The rebels were taking a while to lose, because the United States had other things to worry about and weren’t giving them anything like their full attention. But the Mormons and their pals had to be chewing locoweed if they thought they had a Chinaman’s chance of bailing out of the USA.

Rex Stowe said, “The way things are around here, I don’t even know if I want to come out of the line. Aren’t they likelier to jump us when our guard is down than when we’re looking for it?”

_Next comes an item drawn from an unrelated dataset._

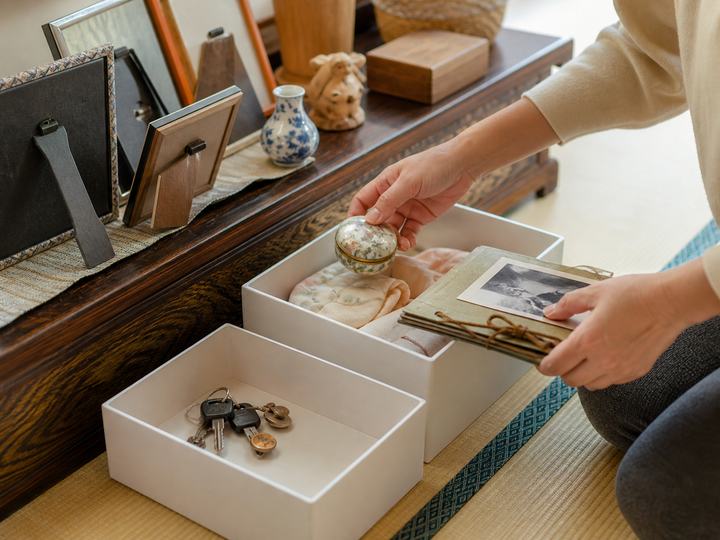 実家で写真や思い出の品を箱に分ける場面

“Who says our guard’s going to be down? I don’t know about you, but I’m still watching all the goddamn time,” Armstrong answered.

Stowe considered, shrugged, and nodded. “You’ve got something there.”

On they slogged, past buildings pulverized in the slow, brutal U.S. advance. Armstrong wondered if there’d be enough Mormons left alive to keep their faith going after this rebellion finally got smashed. There had been the last time around, which struck him as a damn shame.

He marched for a solid day to get back to the recuperation center that had sprung up in Thistle, southeast of Provo. That put it out of range of Mormon guns-unless the rebels got sneaky, which they might well do. Barbed wire and machine-gun nests around the center made the place seem like a prisoner-of-war camp, but the guns faced out, not in.

Once inside the perimeter, Armstrong followed signs to a bank of showers and then to a delousing station. The showers were cold. His father had talked about hot water as part of the delousing process, but times had changed. They sprayed him with something that smelled like poison gas instead of boiling him or soaking him or whatever they’d done in his old man’s day.